- Task directions
Only one stretch of the data is wanted: the line containing "2025年汽修技工大学有哪些", the line containing "Hoodie homem com", and every line between them, copied exactly.

- Exercise material
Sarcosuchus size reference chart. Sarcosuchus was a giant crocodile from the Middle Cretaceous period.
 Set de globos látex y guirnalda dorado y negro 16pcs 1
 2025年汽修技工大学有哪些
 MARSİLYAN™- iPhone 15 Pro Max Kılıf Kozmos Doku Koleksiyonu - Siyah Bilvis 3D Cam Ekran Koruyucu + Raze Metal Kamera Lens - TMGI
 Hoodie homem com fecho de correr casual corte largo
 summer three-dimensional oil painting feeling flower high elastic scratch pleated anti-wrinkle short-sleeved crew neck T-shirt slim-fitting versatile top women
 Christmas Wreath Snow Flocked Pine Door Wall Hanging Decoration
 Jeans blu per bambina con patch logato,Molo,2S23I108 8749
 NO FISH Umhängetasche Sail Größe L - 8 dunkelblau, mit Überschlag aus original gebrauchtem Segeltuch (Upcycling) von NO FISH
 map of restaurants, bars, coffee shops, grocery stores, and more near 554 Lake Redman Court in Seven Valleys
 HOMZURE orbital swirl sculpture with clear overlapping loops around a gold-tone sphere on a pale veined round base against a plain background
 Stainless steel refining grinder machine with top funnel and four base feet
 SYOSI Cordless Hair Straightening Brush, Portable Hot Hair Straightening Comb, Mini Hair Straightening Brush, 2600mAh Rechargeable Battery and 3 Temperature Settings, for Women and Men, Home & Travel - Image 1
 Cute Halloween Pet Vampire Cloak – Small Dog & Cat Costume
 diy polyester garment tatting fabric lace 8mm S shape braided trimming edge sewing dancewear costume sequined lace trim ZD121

- Answer to the exercise
 2025年汽修技工大学有哪些
 MARSİLYAN™- iPhone 15 Pro Max Kılıf Kozmos Doku Koleksiyonu - Siyah Bilvis 3D Cam Ekran Koruyucu + Raze Metal Kamera Lens - TMGI
 Hoodie homem com fecho de correr casual corte largo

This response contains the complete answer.